INSTRUCTIONS FOR THE TASK = Among the entries below, find the line with "Бутылка 350 мл", then quote it and each following line up to and including the line with "swivel_chair_carlito_mesh_0.webp Best KARE", and nothing else.

DATASET RECORDS =
○ ○ ○
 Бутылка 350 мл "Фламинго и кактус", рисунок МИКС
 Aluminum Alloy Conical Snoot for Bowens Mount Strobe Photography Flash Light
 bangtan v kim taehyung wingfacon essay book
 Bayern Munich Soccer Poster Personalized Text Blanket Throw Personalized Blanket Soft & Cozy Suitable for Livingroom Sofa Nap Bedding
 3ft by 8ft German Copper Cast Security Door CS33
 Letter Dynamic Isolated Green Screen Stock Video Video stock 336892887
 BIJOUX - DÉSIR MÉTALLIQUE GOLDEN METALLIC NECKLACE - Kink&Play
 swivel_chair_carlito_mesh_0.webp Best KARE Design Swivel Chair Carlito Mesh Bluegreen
○ ○ ○
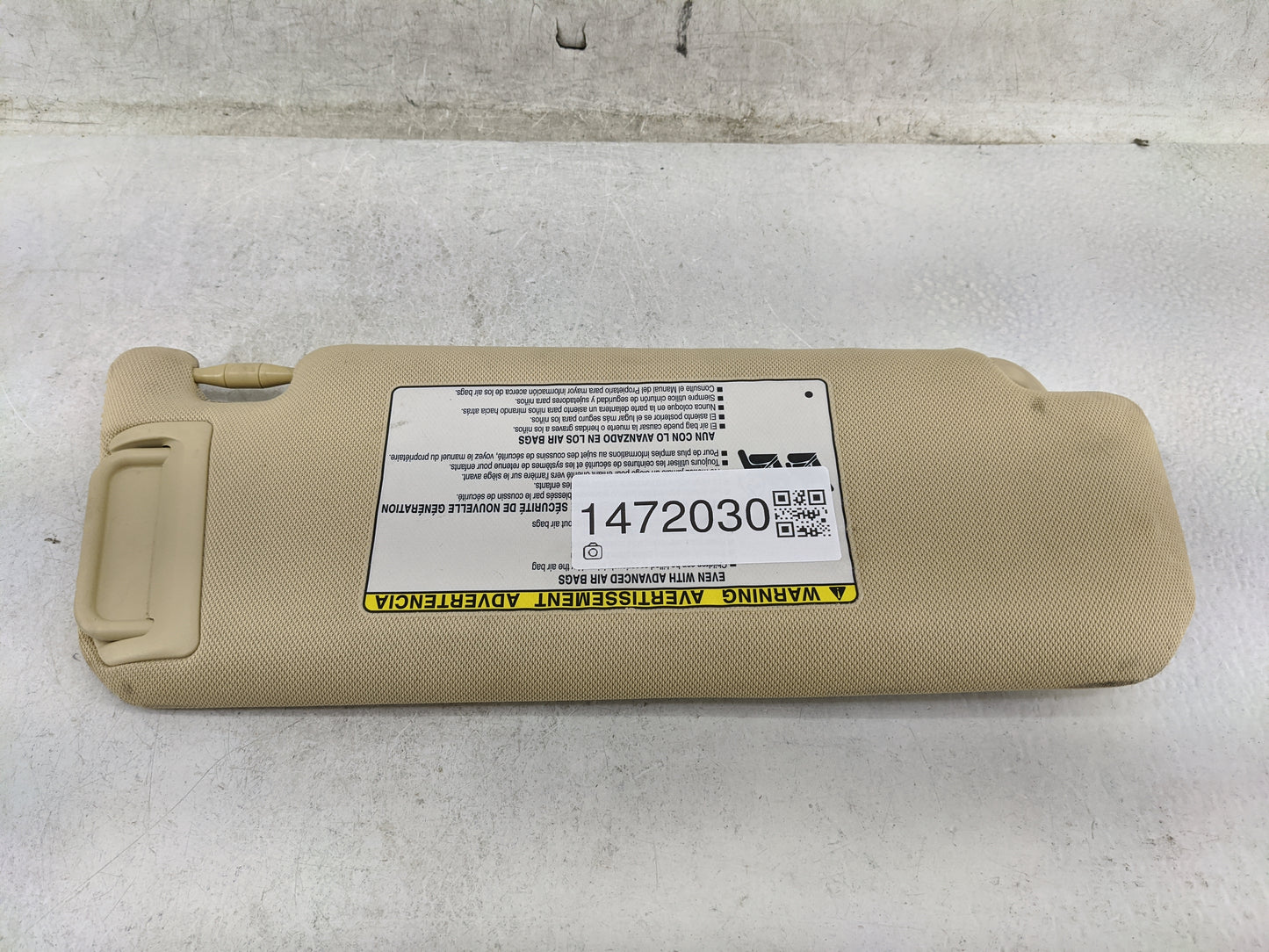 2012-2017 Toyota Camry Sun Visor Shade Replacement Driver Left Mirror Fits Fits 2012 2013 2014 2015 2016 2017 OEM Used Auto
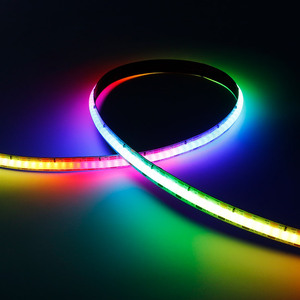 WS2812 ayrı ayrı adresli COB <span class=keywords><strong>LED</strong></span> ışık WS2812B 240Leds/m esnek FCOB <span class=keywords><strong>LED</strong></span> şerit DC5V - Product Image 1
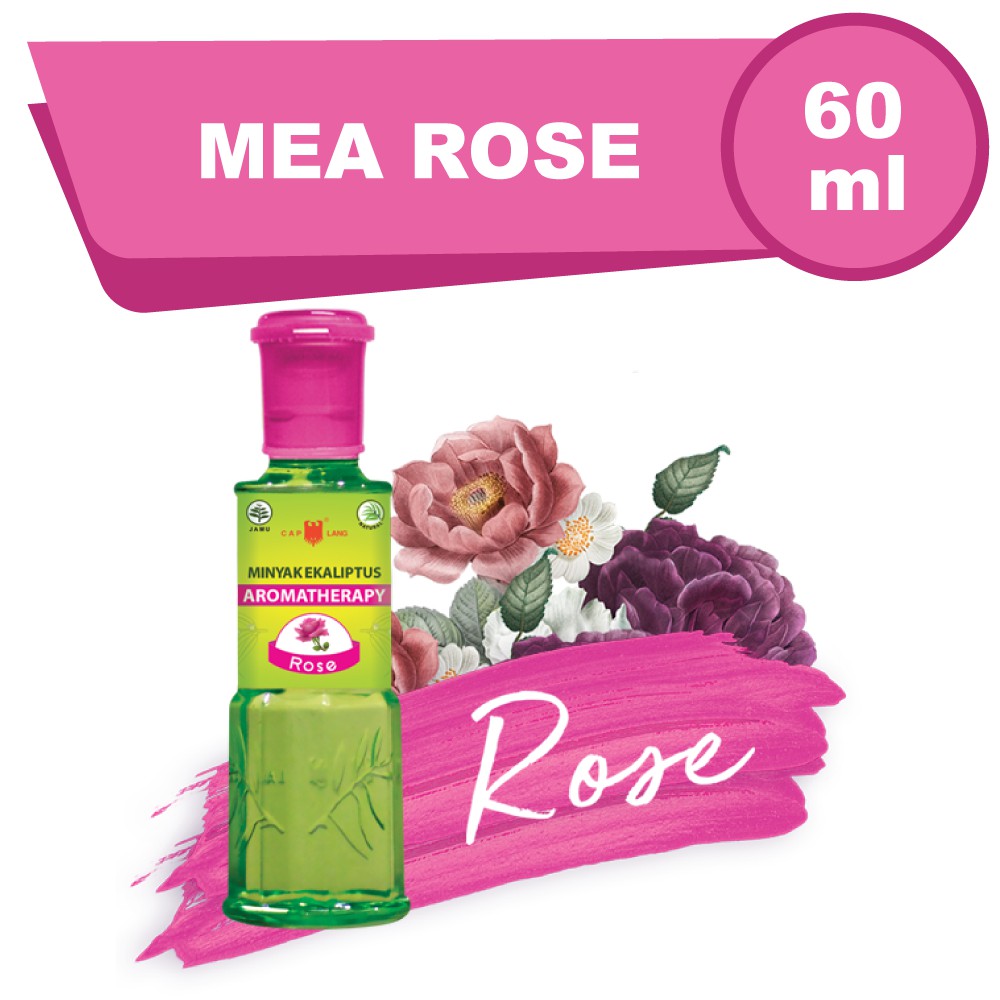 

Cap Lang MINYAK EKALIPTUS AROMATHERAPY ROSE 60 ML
○ ○ ○
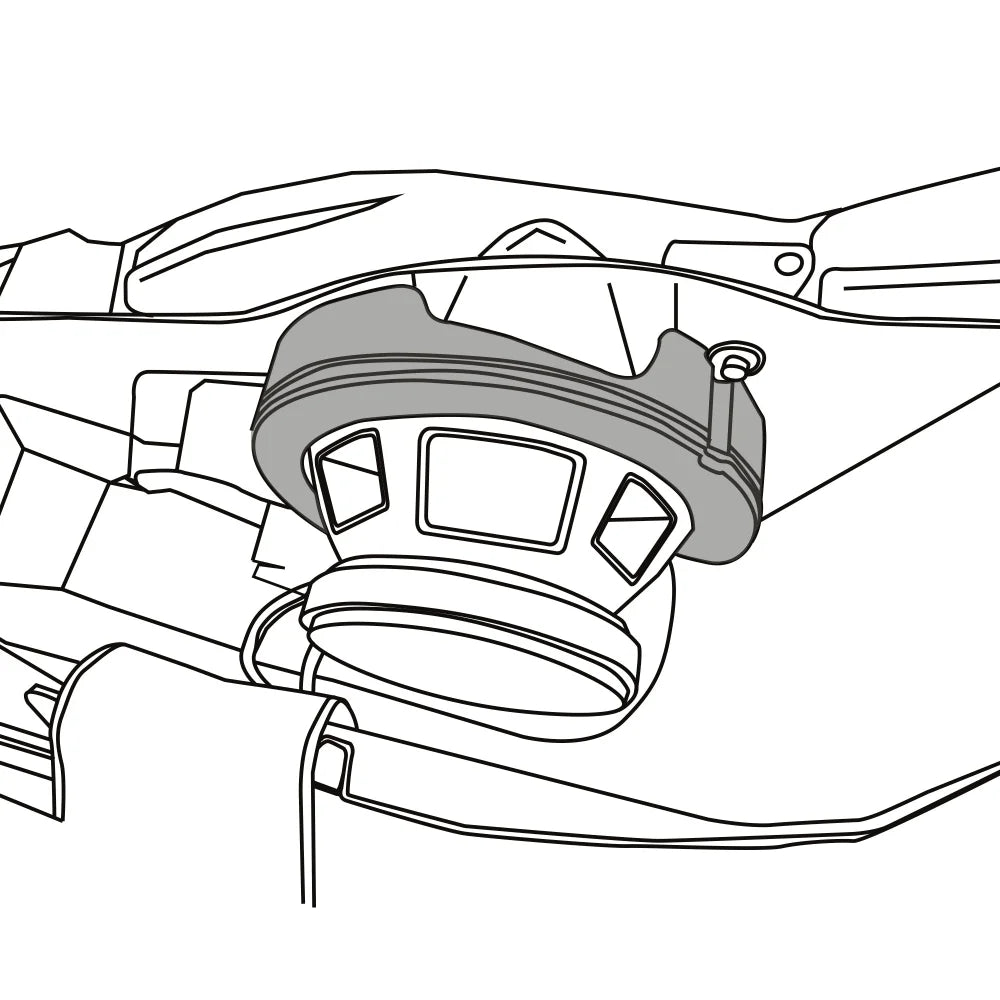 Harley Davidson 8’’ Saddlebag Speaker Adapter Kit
○ ○ ○
RESULT OF THE EXERCISE =
 Бутылка 350 мл "Фламинго и кактус", рисунок МИКС
 Aluminum Alloy Conical Snoot for Bowens Mount Strobe Photography Flash Light
 bangtan v kim taehyung wingfacon essay book
 Bayern Munich Soccer Poster Personalized Text Blanket Throw Personalized Blanket Soft & Cozy Suitable for Livingroom Sofa Nap Bedding
 3ft by 8ft German Copper Cast Security Door CS33
 Letter Dynamic Isolated Green Screen Stock Video Video stock 336892887
 BIJOUX - DÉSIR MÉTALLIQUE GOLDEN METALLIC NECKLACE - Kink&Play
 swivel_chair_carlito_mesh_0.webp Best KARE Design Swivel Chair Carlito Mesh Bluegreen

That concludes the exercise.